What you have to do. In this exercise, return the whole listing exactly, excluding any images.

Stored data.
+ + + +

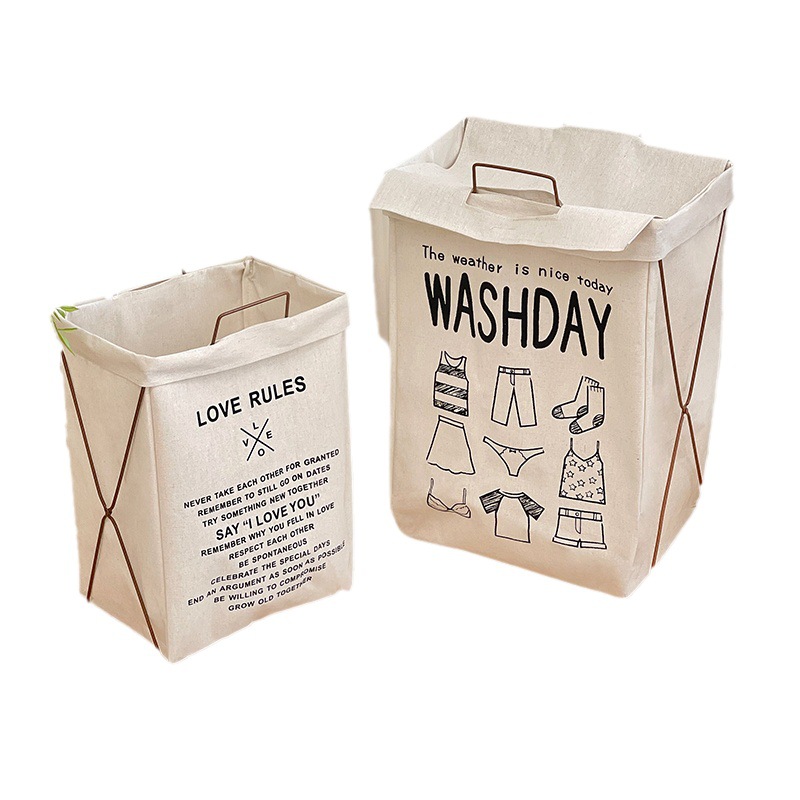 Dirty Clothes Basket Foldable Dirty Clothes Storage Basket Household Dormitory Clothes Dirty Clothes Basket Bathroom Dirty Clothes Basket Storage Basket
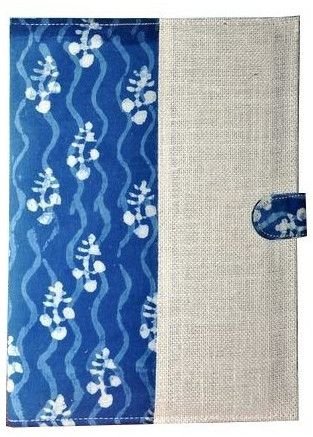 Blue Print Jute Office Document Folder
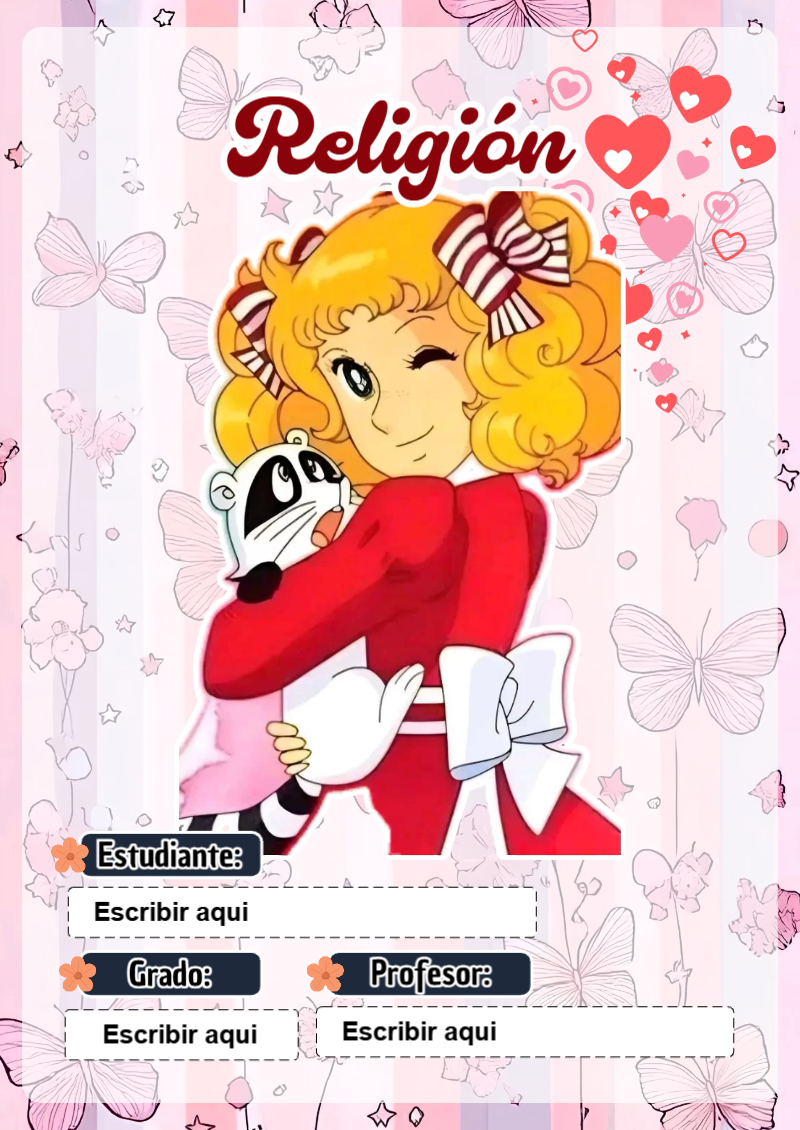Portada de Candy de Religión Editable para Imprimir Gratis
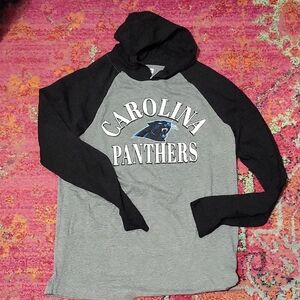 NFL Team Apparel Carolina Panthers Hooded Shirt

+ + + +

Response below.
 Dirty Clothes Basket Foldable Dirty Clothes Storage Basket Household Dormitory Clothes Dirty Clothes Basket Bathroom Dirty Clothes Basket Storage Basket
 Blue Print Jute Office Document Folder
Portada de Candy de Religión Editable para Imprimir Gratis
 NFL Team Apparel Carolina Panthers Hooded Shirt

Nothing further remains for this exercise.